Afterwards, Garza insisted there weren't any added emotions in facing the team that traded him last July.
"I've been on five different teams, man," Garza said. "If I had to get up for everybody (I used to pitch for), I'd be tired by midseason. It was just another ballgame, just another club I've got to give my team a chance to win (against)."
Unlike Garza's previous starts at home, the Brewers provided the right-hander with run support against Carlos Villanueva. Junior Lake misplayed a ball in left field during the first inning to allow Milwaukee's first run of the night to score on what was ruled a double for Scooter Gennett.
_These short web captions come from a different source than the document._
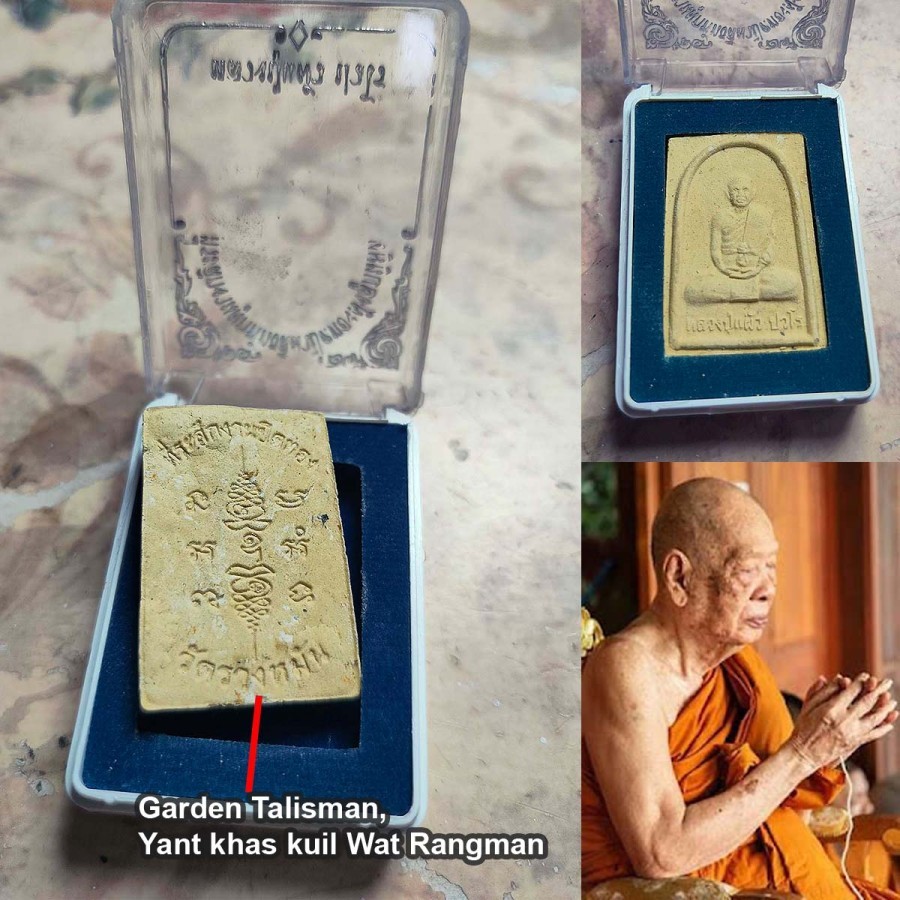 Roopmeun LP Phaew Wat Rangman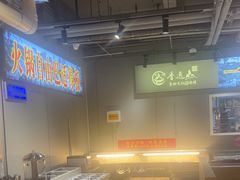 -香逸山自助火锅
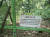 서울시 서초구 서리풀공원 곳곳에 울타리와 폐쇄 안내문이 세워져 있다. [사진 환경운동연합]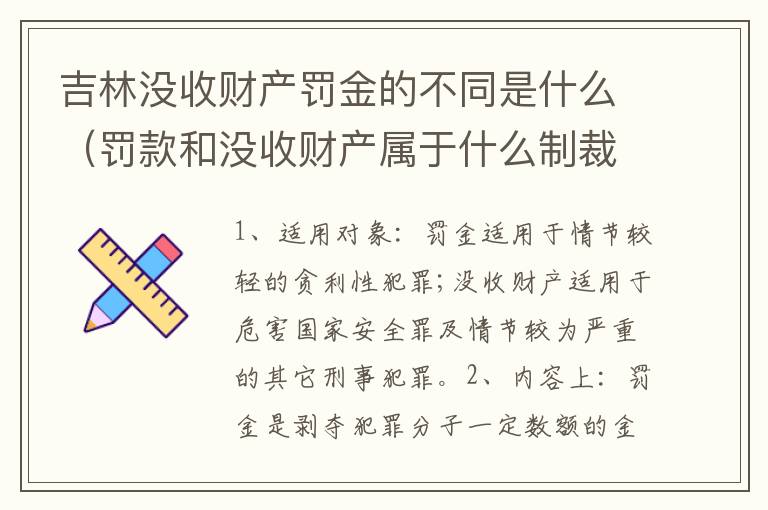 吉林没收财产罚金的不同是什么（罚款和没收财产属于什么制裁）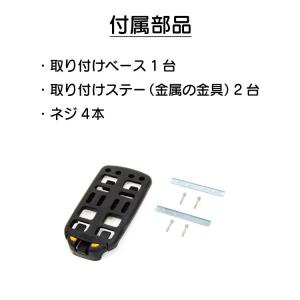 OGK技研 自転車 後ろカゴ 着脱式スライドバ...の詳細画像5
Ryan Braun added an RBI single in the bottom of the first, while the Cubs took advantage of a leadoff walk in the third inning to score their first run off Garza.
A two-out RBI single from Jonathan Lucroy in the bottom of the third and a solo home run from Lyle Overbay in the fourth inning increased the Brewers's lead to 4-1, and an Aramis Ramirez sacrifice fly in the fifth made it 5-1.
After retiring 10 of 11 batters from the final out of the third inning through the sixth, Garza allowed back-to-back hits to start the seventh. He was able to limit the damage and allow just one run to score after the Cubs had runners at second and third and nobody out.
"I just wanted to go out and establish my gameplan, my mechanics and keep myself in line and not get too overamped or anything like that," Garza said. "Felt great. Our guys played a great game today. Good thing it didn't come down to me hitting. It was a plus on all sides."
Garza made 60 starts over 2½ seasons (2011-13) with the Cubs, going 21-18 with a 3.45 ERA. He suffered through the beginning stages of what has been a multi-year rebuilding project for Chicago (71-91 in 2011, 61-101 in '12) before being dealt to the Texas Rangers last July when the Cubs were 10 games under .500.
"It's a lot of fun when you win," Garza said. "When you go through three years of constantly hoping, you kind of run out of hope. Come to a team like this, where every day we're going out to win -- not hoping to win -- it's a lot different. A lot different emotion, a lot better emotion. It's confidence.
"That's what we're playing with a lot of right now. It's just great to be here right now and I'm happy where I'm at and I love going out there and giving my team a shot to win every five days."
Behind Garza, the Brewers improved to a major-league best 17-6 on the season. Milwaukee has received quality starts in 18 of its 23 games, tied with Atlanta for the most in baseball. The pitching continues to keep the Brewers in games, while the offense does enough to win.
This was what the Brewers envisioned when they signed Garza to a four-year, $50 million contract this winter.
"We're playing good baseball," Roenicke said. "It's not every day. We've won some games when we haven't played that well. But the pitchers are going out and continuing to give us a good outing almost every time and the bullpen is as sharp as they've been -- they're all sharp, all of them are pitching well."